Starting with the line that holds "Похоронят без места." and stopping after the line that holds "Rab Trek Gaiter (ASR-G43) Black Noir L", repeat the lines below word for word, without the pictures.

THE RECORDS:
----

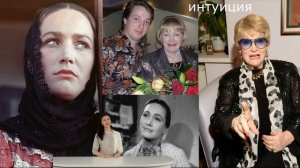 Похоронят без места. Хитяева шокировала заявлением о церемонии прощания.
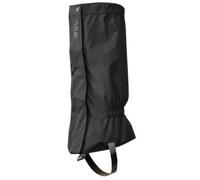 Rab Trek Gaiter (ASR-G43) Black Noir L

----

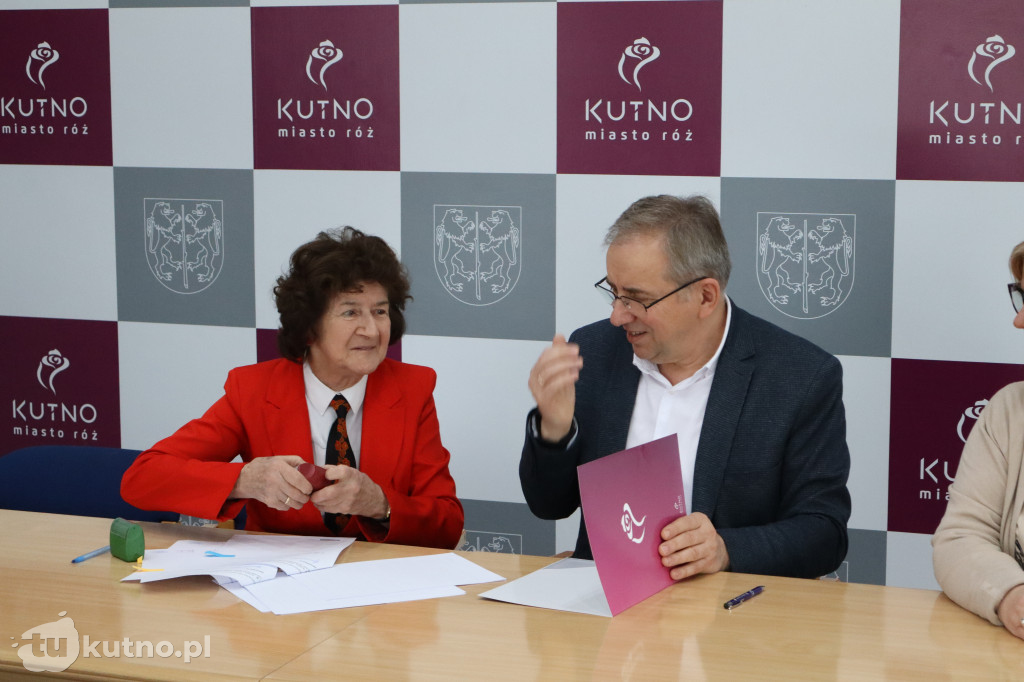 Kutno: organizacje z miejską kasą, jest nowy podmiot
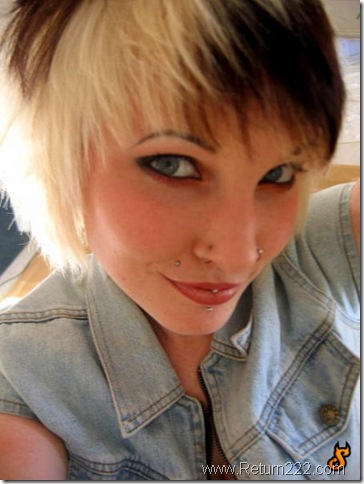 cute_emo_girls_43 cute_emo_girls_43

----

ANSWER SECTION:
 Похоронят без места. Хитяева шокировала заявлением о церемонии прощания.
 Rab Trek Gaiter (ASR-G43) Black Noir L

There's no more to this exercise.